I tried to swallow, but my throat was too tight and dry. “What
was
that thing?”

“Nahash-Dred,” Isaac said. “I wasn’t kidding when I told you to brace yourself.”

He hit a key and the film began to play backward. He paused it right at the moment when the camera caught a glimpse of the demon. It was just a grainy image through the trees, but I could make out a wreath of horns around the demon’s head, a dark, patterned hide, and a portion of the batlike wings that sprouted from his ridged spine. But it wasn’t just his enormous size that made him so frightening. Even through a simple, blurry film-still like this, I could sense something infinitely terrible about Nahash-Dred, and infinitely powerful.

I couldn’t help thinking again about the vision the cloaked man had given me. The city in ruins. Countless dead. Looking at the terrifying creature on the monitors, it could only have been about Nahash-Dred. We had to stop Arkwright from summoning the demon again, no matter what it took.

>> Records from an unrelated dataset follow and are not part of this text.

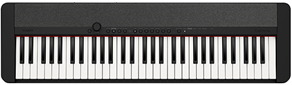 Casio CT-S1 облегченное пианино, синтезатор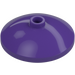 LEGO Dark Purple Dish 3 x 3 (35268 / 43898)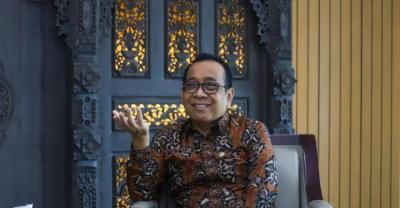 Ketua Dewan Pertimbangan Presiden Wantimpres Pratiknp.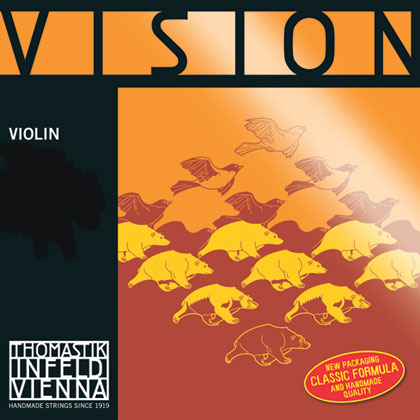 Vision Violin E. 4/4 - Strong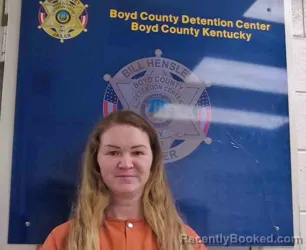 Mugshot of CHRISTINA JENKINS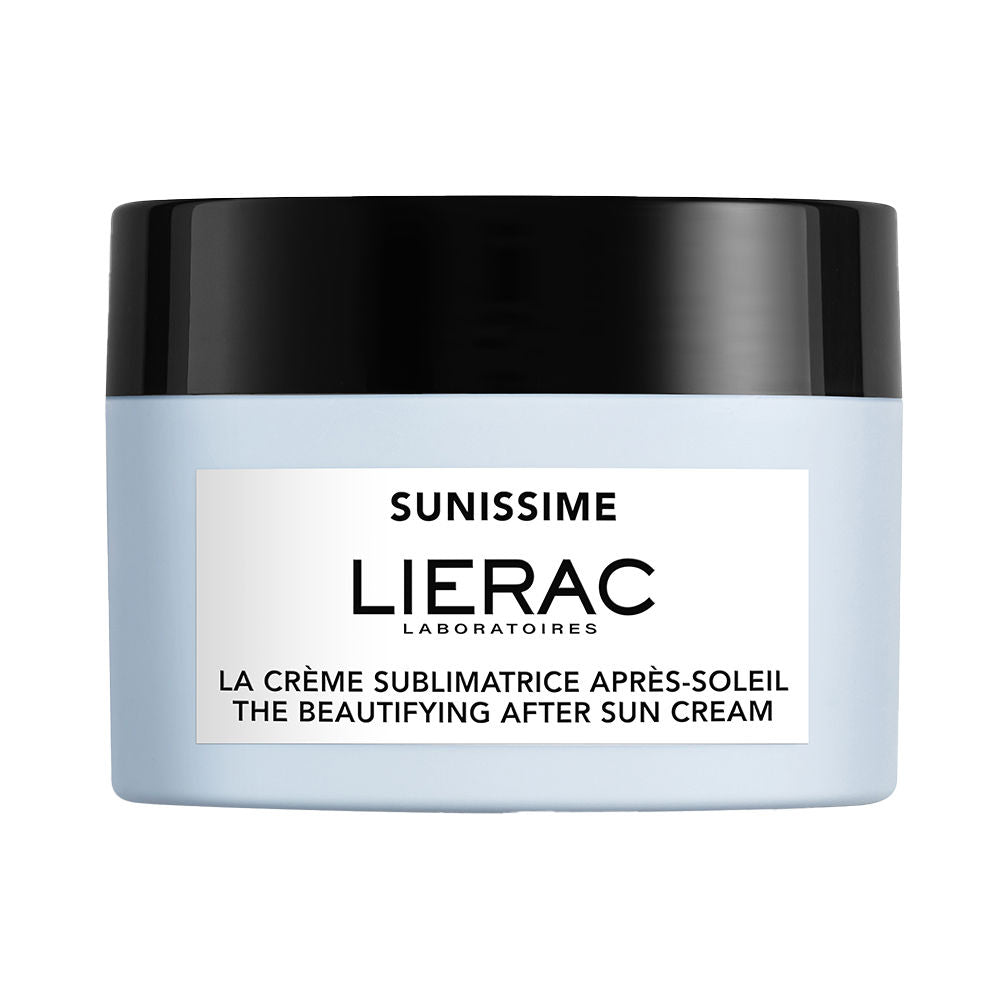 LIERAC SUNISSIME sublimating aftersun body cream 200 ml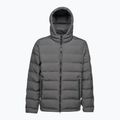 Vyriška pašiltinta striukė Geox Spherica™ Parka asphalt 5
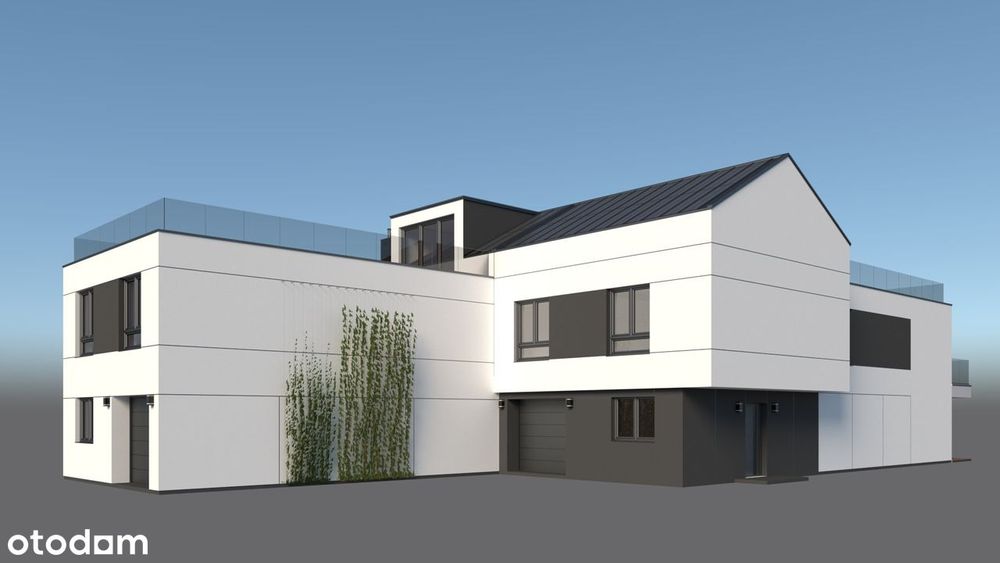 Luksusowy Dom W Inwestycji Wiślane Widoki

A familiar female voice from behind us said, “What the hell is that?”

I turned to see Gabrielle standing in the main room of Citadel as if no time had passed at all. She wore a red, ribbed sweater under her open black leather jacket, and a matching red silk scarf around her neck.

She stared at the demon on the monitors and tucked one long, braided dreadlock behind her ear. “Oh lord, what trouble have you gotten yourselves into now?”

We all got up from the table and hugged and kissed her, peppering her with questions about what she’d been up to and how she was feeling. She put up her hands in mock surrender.

“Whoa, whoa, one at a time.” She gestured at the table. “Mind if I sit?”